**Exercise**
Set down, please, exactly the lines below that run from the line with "A bed or beds" to the line with "CAJA RELES / FUSIBLES 7G9T14A073DB", both lines included.

[Source data]
Content starts

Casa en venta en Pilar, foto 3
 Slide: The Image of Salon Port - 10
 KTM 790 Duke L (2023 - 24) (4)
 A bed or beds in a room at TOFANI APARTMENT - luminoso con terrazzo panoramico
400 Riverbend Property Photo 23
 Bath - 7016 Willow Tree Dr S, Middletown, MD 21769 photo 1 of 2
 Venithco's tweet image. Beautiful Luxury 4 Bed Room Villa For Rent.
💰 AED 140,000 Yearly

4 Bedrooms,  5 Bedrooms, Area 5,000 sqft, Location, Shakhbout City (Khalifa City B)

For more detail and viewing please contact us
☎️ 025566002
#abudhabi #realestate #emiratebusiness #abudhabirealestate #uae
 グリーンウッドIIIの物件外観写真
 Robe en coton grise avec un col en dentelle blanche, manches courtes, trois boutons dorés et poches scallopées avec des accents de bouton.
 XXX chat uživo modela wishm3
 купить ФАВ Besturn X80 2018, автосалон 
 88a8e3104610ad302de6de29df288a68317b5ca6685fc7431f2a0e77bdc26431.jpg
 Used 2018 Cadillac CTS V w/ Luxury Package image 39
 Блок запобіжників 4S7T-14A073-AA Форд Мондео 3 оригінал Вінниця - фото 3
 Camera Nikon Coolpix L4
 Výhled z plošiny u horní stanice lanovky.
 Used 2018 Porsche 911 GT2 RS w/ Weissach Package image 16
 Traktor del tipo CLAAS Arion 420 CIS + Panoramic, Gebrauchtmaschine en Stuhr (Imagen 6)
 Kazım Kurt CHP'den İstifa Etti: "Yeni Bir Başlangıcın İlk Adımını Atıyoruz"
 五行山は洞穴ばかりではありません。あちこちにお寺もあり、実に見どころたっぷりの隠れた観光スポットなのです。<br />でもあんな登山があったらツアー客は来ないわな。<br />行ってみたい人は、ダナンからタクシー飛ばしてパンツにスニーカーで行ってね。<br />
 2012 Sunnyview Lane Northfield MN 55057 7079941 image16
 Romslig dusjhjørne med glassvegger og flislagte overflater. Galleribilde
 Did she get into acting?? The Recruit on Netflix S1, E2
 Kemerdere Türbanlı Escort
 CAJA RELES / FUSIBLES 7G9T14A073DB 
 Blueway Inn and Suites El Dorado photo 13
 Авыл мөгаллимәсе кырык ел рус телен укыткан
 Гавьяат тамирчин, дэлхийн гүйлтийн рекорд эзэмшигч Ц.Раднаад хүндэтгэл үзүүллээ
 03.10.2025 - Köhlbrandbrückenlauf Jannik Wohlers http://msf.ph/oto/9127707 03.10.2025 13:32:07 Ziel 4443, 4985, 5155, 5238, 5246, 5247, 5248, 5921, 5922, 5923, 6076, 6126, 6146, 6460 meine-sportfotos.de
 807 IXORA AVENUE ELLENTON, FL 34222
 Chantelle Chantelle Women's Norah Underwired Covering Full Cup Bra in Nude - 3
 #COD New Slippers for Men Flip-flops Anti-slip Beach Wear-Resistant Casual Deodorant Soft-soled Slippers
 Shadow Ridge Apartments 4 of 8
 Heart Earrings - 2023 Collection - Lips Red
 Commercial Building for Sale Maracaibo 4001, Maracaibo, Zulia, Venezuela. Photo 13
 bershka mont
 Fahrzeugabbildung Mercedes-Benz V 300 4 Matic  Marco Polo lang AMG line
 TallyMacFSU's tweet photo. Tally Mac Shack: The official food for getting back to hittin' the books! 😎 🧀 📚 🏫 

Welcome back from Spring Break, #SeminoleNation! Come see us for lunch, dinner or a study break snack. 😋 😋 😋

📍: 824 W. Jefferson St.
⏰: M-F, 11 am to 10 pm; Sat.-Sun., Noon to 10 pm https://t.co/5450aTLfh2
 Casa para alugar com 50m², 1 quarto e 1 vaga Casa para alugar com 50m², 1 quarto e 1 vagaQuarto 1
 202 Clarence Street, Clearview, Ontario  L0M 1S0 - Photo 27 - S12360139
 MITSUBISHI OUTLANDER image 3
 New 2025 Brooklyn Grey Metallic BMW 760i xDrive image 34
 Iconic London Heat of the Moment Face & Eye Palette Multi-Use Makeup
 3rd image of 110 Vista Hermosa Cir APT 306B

Content ends

**Task output**
 A bed or beds in a room at TOFANI APARTMENT - luminoso con terrazzo panoramico
400 Riverbend Property Photo 23
 Bath - 7016 Willow Tree Dr S, Middletown, MD 21769 photo 1 of 2
 Venithco's tweet image. Beautiful Luxury 4 Bed Room Villa For Rent.
💰 AED 140,000 Yearly

4 Bedrooms,  5 Bedrooms, Area 5,000 sqft, Location, Shakhbout City (Khalifa City B)

For more detail and viewing please contact us
☎️ 025566002
#abudhabi #realestate #emiratebusiness #abudhabirealestate #uae
 グリーンウッドIIIの物件外観写真
 Robe en coton grise avec un col en dentelle blanche, manches courtes, trois boutons dorés et poches scallopées avec des accents de bouton.
 XXX chat uživo modela wishm3
 купить ФАВ Besturn X80 2018, автосалон 
 88a8e3104610ad302de6de29df288a68317b5ca6685fc7431f2a0e77bdc26431.jpg
 Used 2018 Cadillac CTS V w/ Luxury Package image 39
 Блок запобіжників 4S7T-14A073-AA Форд Мондео 3 оригінал Вінниця - фото 3
 Camera Nikon Coolpix L4
 Výhled z plošiny u horní stanice lanovky.
 Used 2018 Porsche 911 GT2 RS w/ Weissach Package image 16
 Traktor del tipo CLAAS Arion 420 CIS + Panoramic, Gebrauchtmaschine en Stuhr (Imagen 6)
 Kazım Kurt CHP'den İstifa Etti: "Yeni Bir Başlangıcın İlk Adımını Atıyoruz"
 五行山は洞穴ばかりではありません。あちこちにお寺もあり、実に見どころたっぷりの隠れた観光スポットなのです。<br />でもあんな登山があったらツアー客は来ないわな。<br />行ってみたい人は、ダナンからタクシー飛ばしてパンツにスニーカーで行ってね。<br />
 2012 Sunnyview Lane Northfield MN 55057 7079941 image16
 Romslig dusjhjørne med glassvegger og flislagte overflater. Galleribilde
 Did she get into acting?? The Recruit on Netflix S1, E2
 Kemerdere Türbanlı Escort
 CAJA RELES / FUSIBLES 7G9T14A073DB 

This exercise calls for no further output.